July 19, 2019: Case managers document dozens of cases of abuse and retaliation against children being held in ICE custody in Yuma Arizona.
August 1, 2019: Physicians wrote a letter to members of Congress warning that at least 3 children have died of preventable illness in CBP custody. Doctors advise that the flu vaccine be administered to all detainees.
August 14, 2019: A guard at an ICE Detention Center runs over a line of peaceful protesters. The police did not question protesters, two of whom were injured, one with a broken leg. Police also didn’t arrest the driver. Then guards pepper sprayed the protesters. 3 additional people were treated at a hospital for injuries related to the pepper sray.
August 20, 2019: CBP announces it won’t give flu vaccines to detainees being held in overcrowded detention facilities, concerning the Center for Disease Control.
August 22. 2109: CBP agent Jason Andrew McGilvray, pleads guilty to assaulting a border crosser and resigns. The case was previously unreported until the charges were filed
September 6, 2019: Pregnant woman from El Salvador waiting to seek asylum in the US is taken to the hospital, where doctors gave her medication to stop contractions that had started. Agents then almost immediately sent her back to Mexico to wait in unsafe conditions.
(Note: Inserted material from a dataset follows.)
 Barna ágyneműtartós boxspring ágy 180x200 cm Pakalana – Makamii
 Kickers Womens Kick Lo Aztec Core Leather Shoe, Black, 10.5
September 11, 2019: ICE clumsily releases a poorly redacted document detailing plans for a “hyper realistic” “urban warfare” facility in Georgia. The plan is to create replica cities mirroring an Arizona City and Chicago to simulate residential houses, apartments, hotels, government facilities, and commercial buildings to train ICE’s Swat Teams.
September 26, 2019: Attorneys for the city of Southaven Mississippi argue that the family of an undocumented man mistakenly shot in 2018 in his home by police do not deserve compensation for the wrongful death because his immigration status meant he has no rights, contrary to the Constitutional Amendments 4 and 14 and possibly setting up precedence for further erosion of rights.
October 31, 2019: A 37 year old man from Camaroon died in ICE custody of a brain aneurysm.
October 4, 2019: Trump administration announces that the US will deny immigrant visas to anyone who doesn’t have health insurance or proof that they can pay for healthcare.